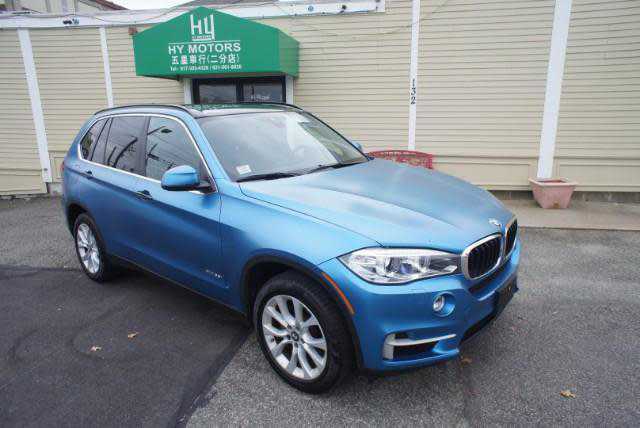 2016 BMW X5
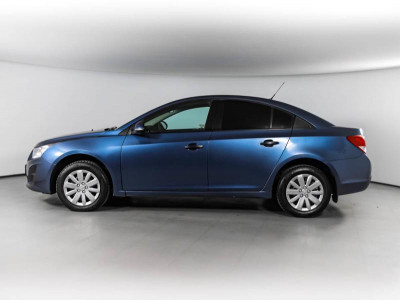 Chevrolet Cruze 1.6 MT (109 л. с.)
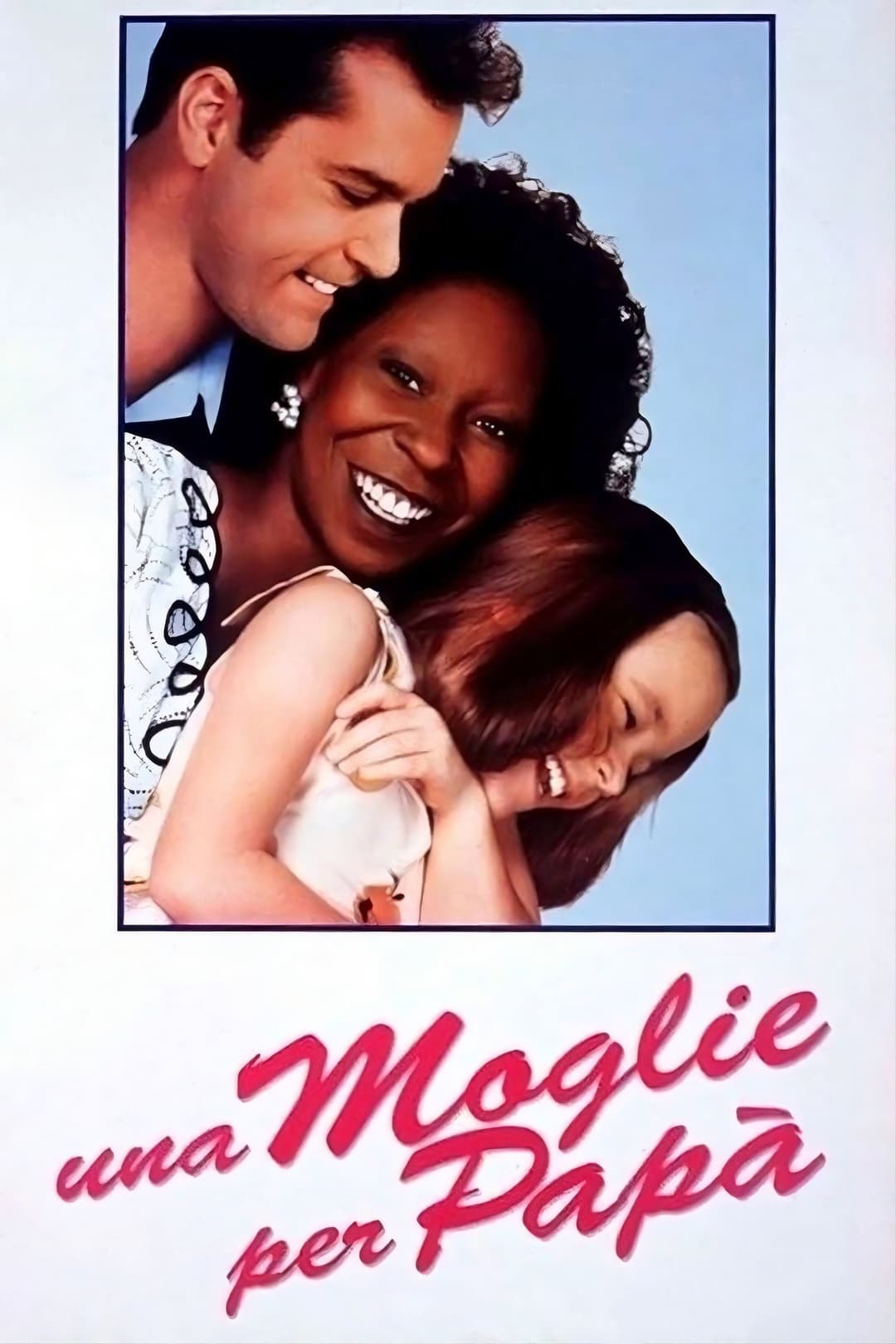 Poster di Una moglie per papà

***

Exercise description = The full listing, transcribed exactly and without its pictures, is the expected result.

Written response =
 2016 BMW X5
 Chevrolet Cruze 1.6 MT (109 л. с.)
 Poster di Una moglie per papà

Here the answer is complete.